Porn: My Story

I wish that I could say my journey with porn was short.  I wish I could say it was easy to overcome.  I wish I could say it was never an issue.  Interesting thing about porn…its full of regret for everyone that comes into contact with it or is close to someone wrestling with it.EL-LLB-BAG16

My story starts at 10…and will never end.  It will always be with me.  It doesn’t own me, it doesn’t control me.  But it will always be a place of weakness, a chink in my armor, a vulnerability.  And like anything that is fragile my eyes and mind have to be handled with care.

At 10 I saw my first playboy.  As a teenager I use to watch cable that was fuzzed out hoping to see something I wasn’t supposed to.  As a college student the internet and my personal computer (as a kid our computer was in a public place, that always made things interesting) became my gateway.

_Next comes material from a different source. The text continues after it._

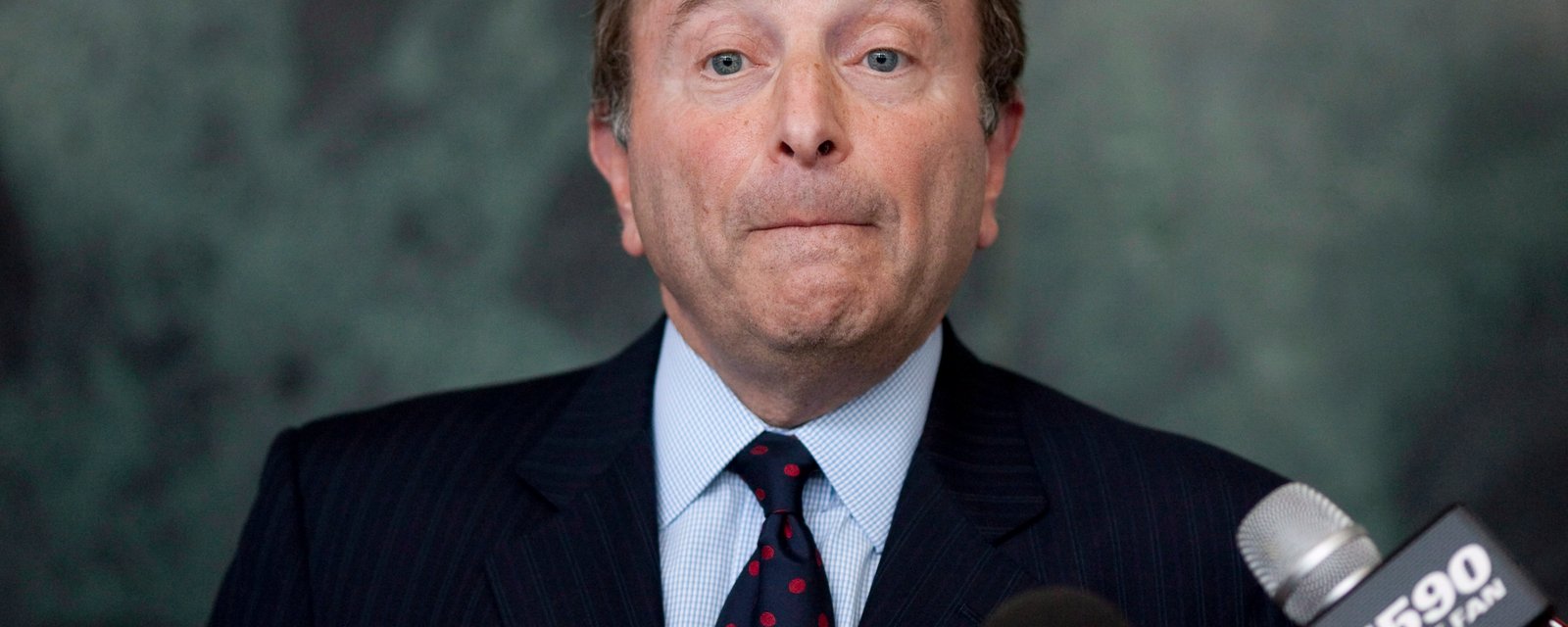 NHL and commissioner Bettman accused of being cheap skates!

As a young adult I move out and lived alone for 9 years.  That meant as a young man I had to choose freedom for myself.  It was my responsibility.  But it was a responsibility that I couldn’t learn or master alone…and that remains true to this day.

When Amanda and I became serious it was something I shared with her.  She was the first person I had been romantically involved with that I had shared my struggle with.  My confession was met with a deep sense of grace and acceptance.  It was the final piece to the healing puzzle.

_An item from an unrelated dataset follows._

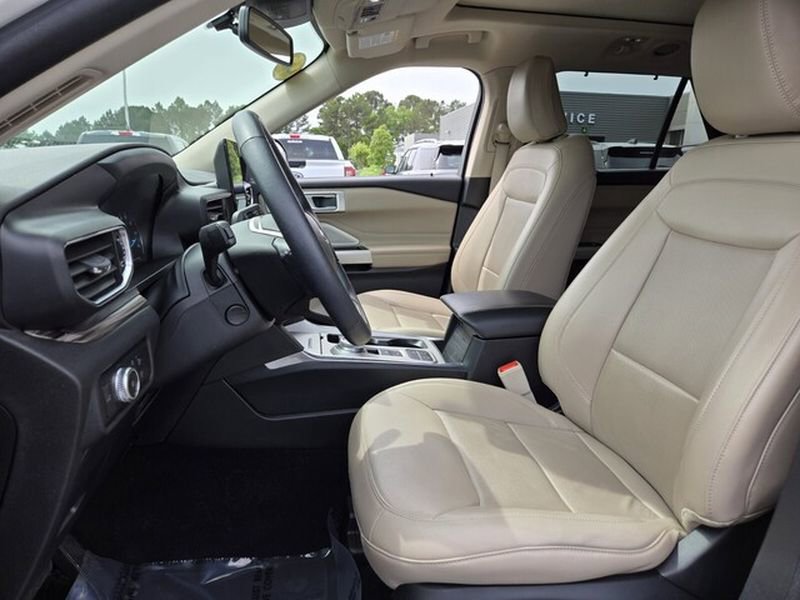 Certified 2023 Ford Explorer Limited w/ Limited Technology Package RWD image 10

The breaking point for me might have been that I was in ministry, but it wasn’t.  My breaking point came in the form of relationship.  At some point I became aware of something so powerful it stripped porn of its strength.  I was out for a run one day beating myself up inside because I had ‘Given in once again.’  Something changed the moment I heard

“I already paid the price for that.  I died for you to have the chance to not be controlled.  I’ve already forgiven you, forgive yourself.”  

Porn preys on natural desires and perverts something designed to be special.  Like so many others my struggle started with insecurity (not feeling loved).  That was no one persons fault.  It’s a lifelong internal battle.  The loneliness factor that each of us experience fed my need to feel accepted and porn was a momentary outlet.

The problem with porn is that it provides a short term euphoria and sense of hope but leaves us with a long term illusion.

That illusion of care, acceptance and love is short lived and brings us back for more leaving us more empty and alone than we were before.

The freedom factor for me:  The power of porn was eliminated when I realized God wasn’t disappointed in me.  Didn’t hate me for it.  He loves me in-spite of it.  The moment I embraced the truth that no matter what I did I was accepted…and God liked me just how I was…I was on the path to freedom.  The single thought that would surface “Is what I am about to do worth damaging my relationship with Jesus?”  There was never a moment after that I could say yes and move on with what I felt I needed.

If you’re battling for freedom remember this: You are loved, He died for you to have the chance to be free, you have never been loved more than you are right now; and nothing is worth damaging your connection to Jesus.

I hope you find freedom like I have…it will always be there but today it isn’t in control and has no say in how I manage life.  So…it doesn’t have a place in my life anymore.  I found a friend that can always ask how I doing in this area, and he is always available if I find myself struggling with the lie that I need that pic or vid to feel something again.